Thursday 13 May 2021

English Labour

Having picked at the scabs of my own party on Monday, I cannot resist joinng in the post mortem on Labour's performance in England. In my estimation,  Jonathan Calder rather than Peter Black has Hartlepool right. A metropolitan Labour apparatus decided that they knew better than the local party who should represent them. It is a process which began in the 1990s after Tony Blair used personal networking to get selected for the then-safe seat of Sedgefield. (It has to be said that Blair had more connection with Co. Durham than some other planted MPs.) Chris Mullin (born in Chelmsford) followed in 1987 and then Peter Mandelson in Hartlepool in1992. The faithful accepted the situation while Labour was winning nationally, but after 2010 they could no longer stomach being taken for granted.

There were warnings from history. The people of Leyton resented Patrick Gordon Walker being planted on them in 1965, their popular MP having been persuaded to resign to make way for Wilson's favourite for Foreign Secretary. Gordon Walker had been ousted in a racist campaign in Smethwick. More recently, Peter Law was deselected in Blaenau Gwent so that a favoured Labour daughter could take a seat in Cardiff Bay. Not only did Law win his seat as an independent in the Welsh general election of 2005, but his widow also retained the seat for the remainder of a second term after his death.

This mistake of selection was made against a background of loss of identity by the Labour party. Jeremy Corbyn was a divisive figure, but at least people knew what he stood for. Sir Keir Starmer may be a safe pair of hands, but he has yet to come across as a personality in his own right. The criticism of Keir Starmer's personality, that it is that of a colourless lawyer, is the same as that which used to attach to former First Minister Carwyn Jones. The only distinguishing feature so far of Sir Keir's custody of the Labour party is his ruthlessness in removing links, organisational or personal, with Jeremy Corbyn and Momentum, together with sniffing out any hint of anti-Semitism with the zeal of a witchfinder-general. This is not going to inspire confidence in members, even those who are far from Corbyn supporters.

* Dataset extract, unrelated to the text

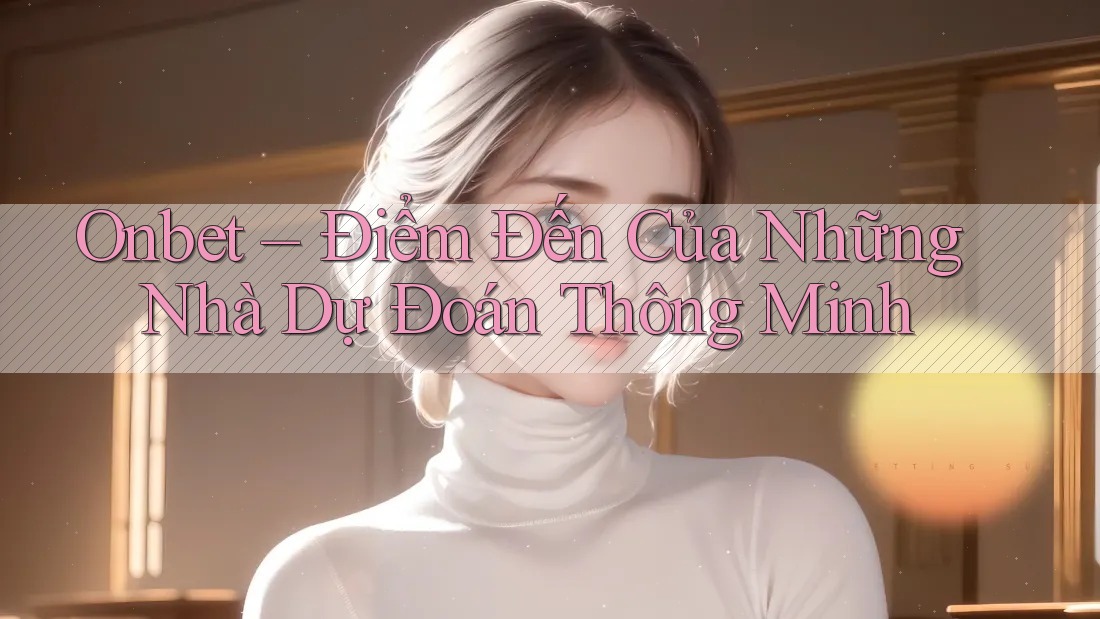 Onbet – Điểm Đến Của Những Nhà Dự Đoán Thông Minh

No more can Labour count on the strength of manual trade unions in post-industrial Britain, nor loyalty to the labour movement on the part of the members of the unions that remain.

I am reminded of those televisual hymns to north-east Labour, the series When the Boat Comes in and Our Friends in the North. The former opens, as I recall, with a scene emblematic of a party losing touch with what should have been its natural constituency. An open-air speech by a Liberal MP seeking re-election is derided by the young hero and heroine of the series. "Pompous wind-bag" is a phrase that comes to mind. 

Carwyn Jones on Sunday Supplement said that early on he and (the late and much-missed) Rhodri Morgan consciously determined to be unapologetic about being Welsh in their campaigns for the Welsh Assembly, now Senedd. 

Keir Starmer has been advised to look to Wales for ideas to recover his party's fortunes in England. Better perhaps would be to see what has happened in an English region, Merseyside. There are no Conservative councillors in Liverpool (or Birkenhead on the other side of the river, for that matter). There is a strong Liverpool Labour identity, in spite of the divisions caused by Militant and the current charges hanging over former mayor Joe Anderson. Michael Heseltine's efforts in the 1980s, well-meant in my opinion, but seen as pork-barrel politics by others, had no effect on the party map in Liverpool. What did help collect Liverpool together in an anti-Conservative laager was the ill-informed attack after Hillsborough on Liverpool fans by Margaret Thatcher and clearly Tory-inclined police chief relayed gleefully by Rupert Murdoch's Sun newspaper. A later attack on whingeing Scousers by Boris Johnson has cemented Liverpool's anti-Tory identity. 

An appeal to aspiration which worked for Tony Blair in 1997 is no longer good enough for electoral success. The way forward for Labour may be to create a series of identities, based on locality (which will mean trusting local constituency branches more) or common interest, interlocking under a shared ambit of democratic socialism. Sir Keir must divert the attacks in the media on himself personally to attacks on the party. Labour must not let itself plunge further down a death spiral. These suggestions may be impractical, but something must be done. The political scene in Britain needs a respectable viable outlet for socialist views just as it would be incomplete without a liberal party.